We don't talk about it much here at hn, but think about it. Every man-made object you encounter every day was manufactured somewhere. And moved, more than once. Now add in all the sales, marketing, customer service, operations, accounting, finance, human resources, etc., etc., etc. needed to support that manufacturing and distribution. Next, add financial markets, healthcare, energy, entertainment, etc., etc., etc. and you have tons of stuff. But you don't see it and rarely think about it. Kinda like most of the iceberg being underwater.

And all of this needs software. And most of what they have sucks. I mean really sucks. Enterprise software is so bad that there are multi-billion dollar industries devoted to consulting on how to use it, how to share it, and how to store it in data warehouses and harvest it. It's so bad that lots of people have to dump the data out of their enterprise systems and into Microsoft Excel just to get anything done.

When Willie Sutton was asked why he robbed banks, he said because that's where the money is.

What banks were in the 1930's, enterprise IT is in the 21st century.

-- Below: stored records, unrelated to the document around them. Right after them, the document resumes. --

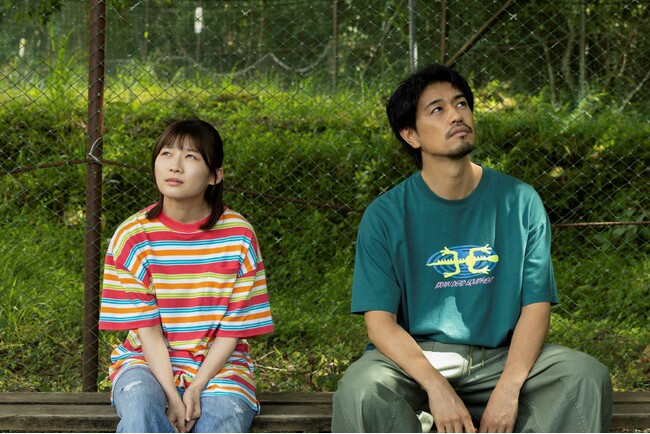 (左から)伊藤沙莉、斎藤工 (C)フジテレビ (左から)伊藤沙莉、斎藤工 (C)フジテレビ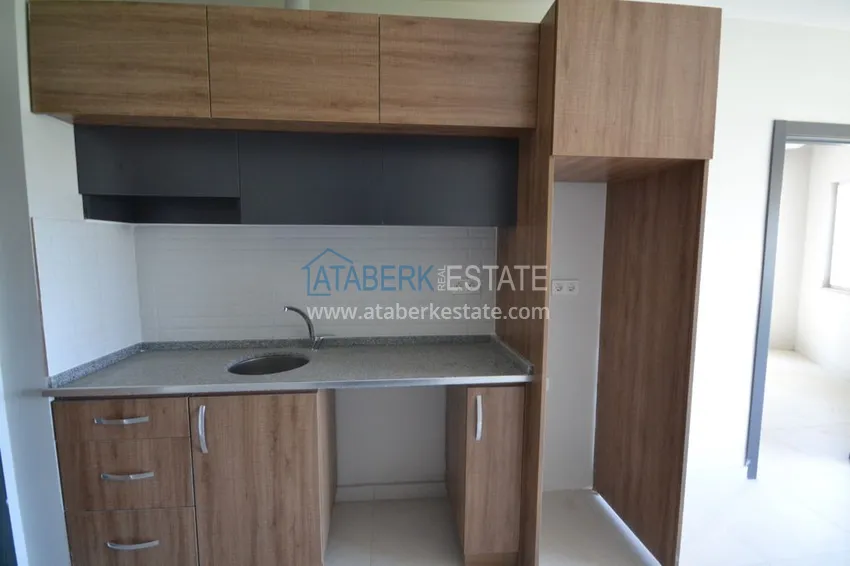 Приобрести Квартира в Махмутларе двухкомнатная с чистовой отделкой. Новостройки Алании 3 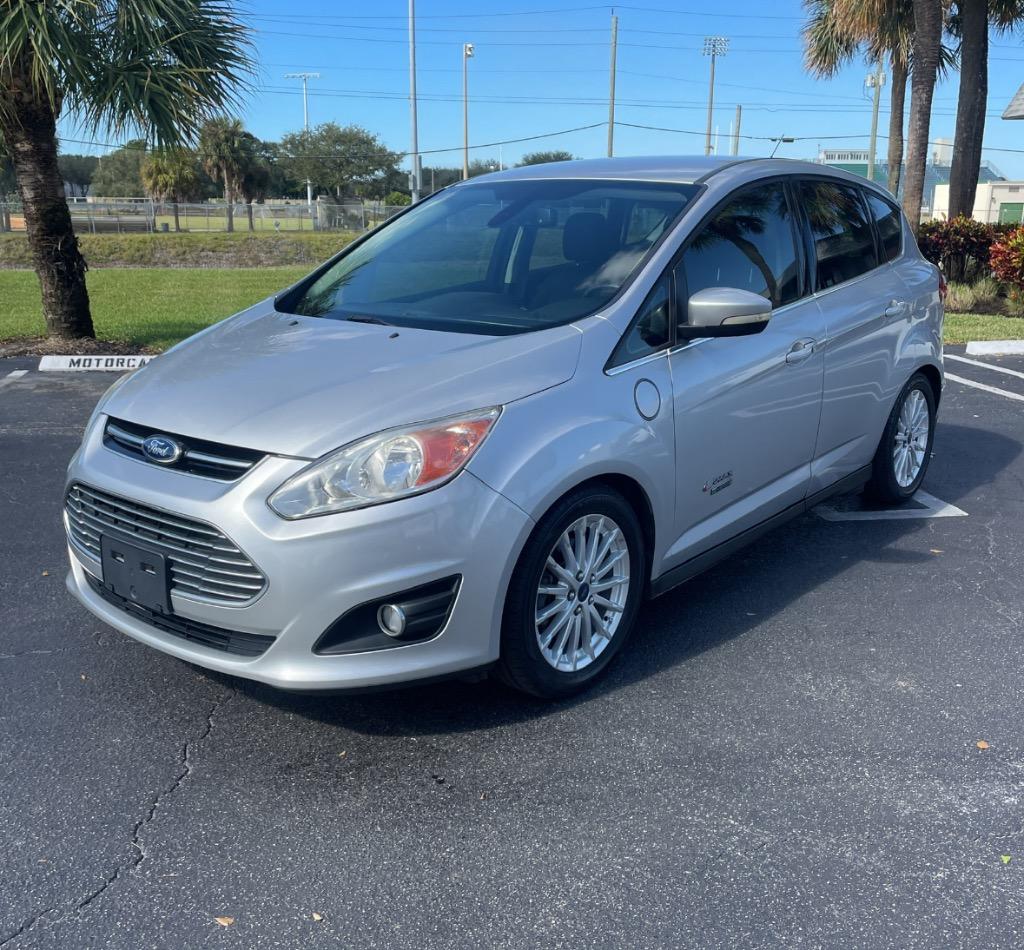 2015 Ford C-Max Energi SEL's photo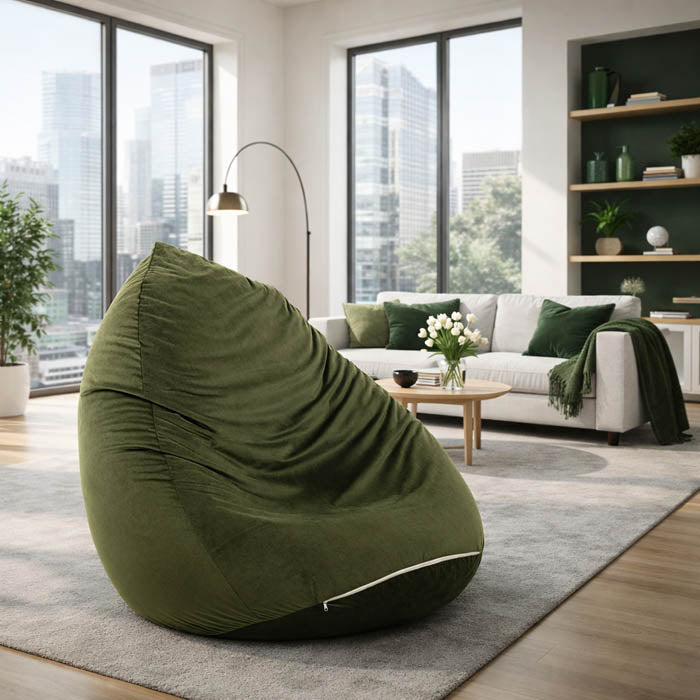 Pufa Sako XXL - ARMY GREEN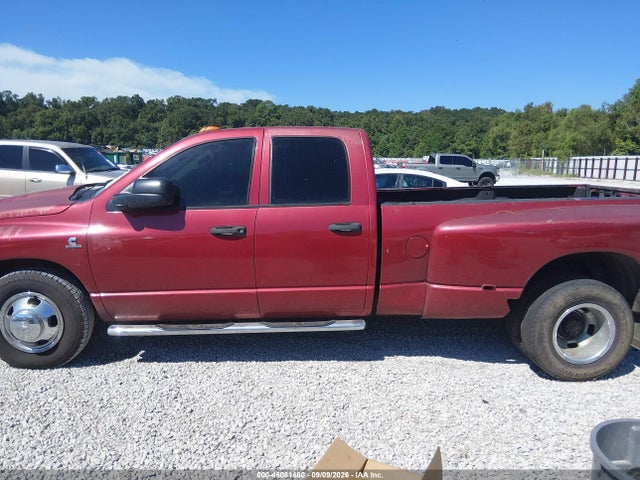 Auction sale of the 2008 Dodge Ram 3500 Slt, vin: 3D7ML48AX8G109673, lot number: 46081480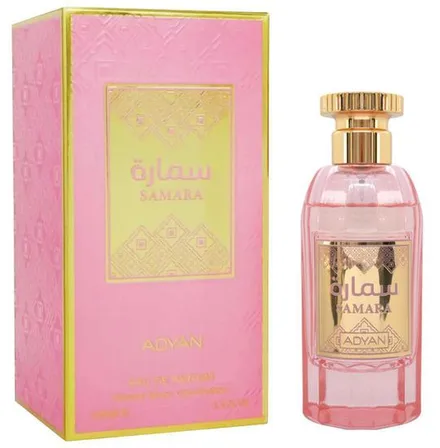Perfume Adyan Samara Eau Parfum Feminino 100ml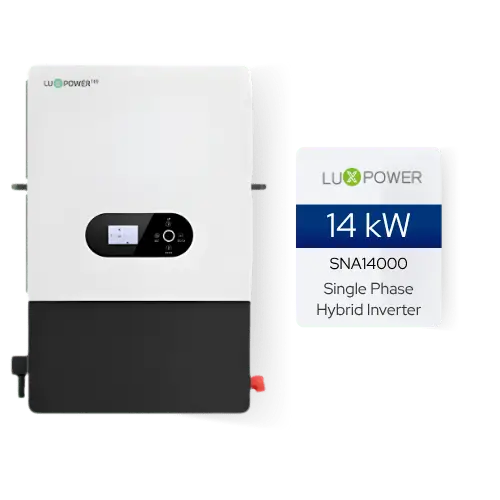 LuxPower 14kW S/Phase Hybrid Inverter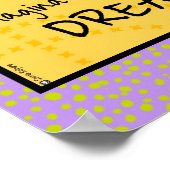 がんワードクラウドポスター ポスター (角)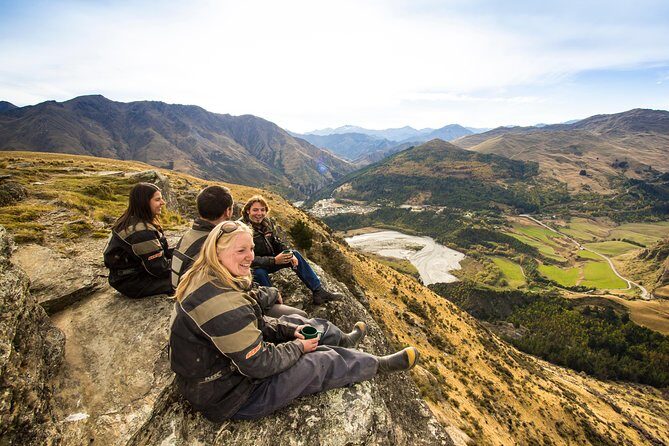 Queenstown Hill Quad Bike Tour - References
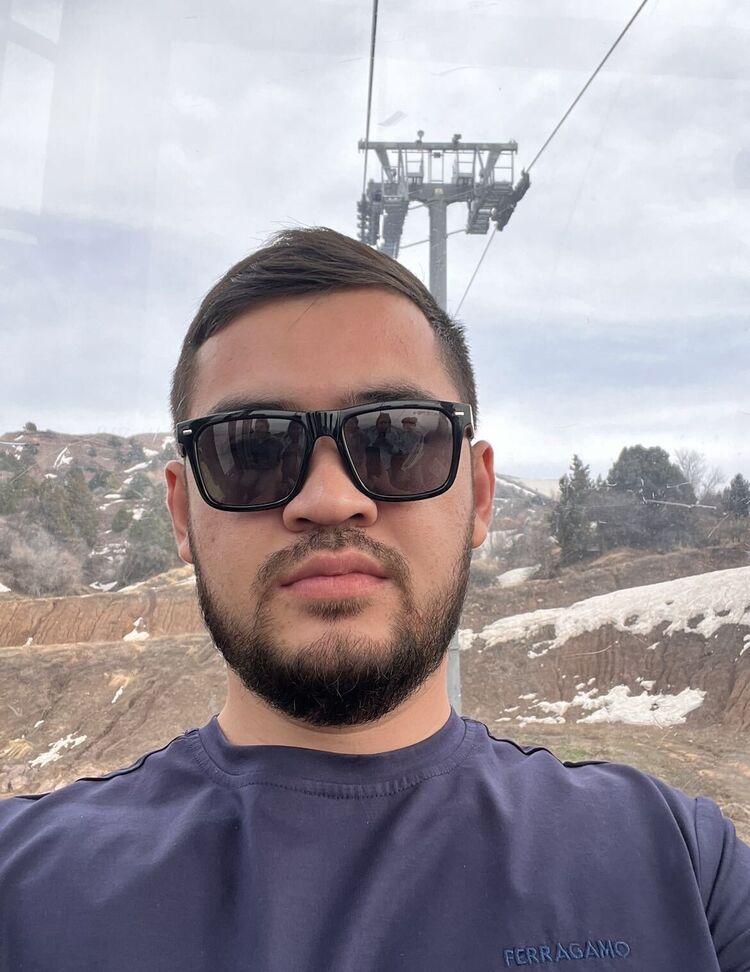 ���� 55275761 ������� Otabek, 27 ���, ���� ���������� � ��������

I can only second edw519's comment, and add a bit to it.

Building enterprise software is not only about building software, it's also about processes. Every company with more than a dozen employess has processes for dealing with just about everything. How information flows from A to B, who controls it, who can edit it, who can view it and who approves it.

This is primarily a strategic decision. Enterprise software has to accomodate processes and play by the rules, powergames and politics set forth by the firm it is used by. This is different than building B2C apps where the goal is more transparent. If you build dropbox the goal of the software is pretty obvious. If you build enterprise software there are a lot of stakeholders with diffferent agendas and priorities, and if you want to sell to them you need to accomodate all of them. So you need to knwo how firms operate behind the lines, and you definitely have to know how to sell to them. How good the software is is only one of many priorities.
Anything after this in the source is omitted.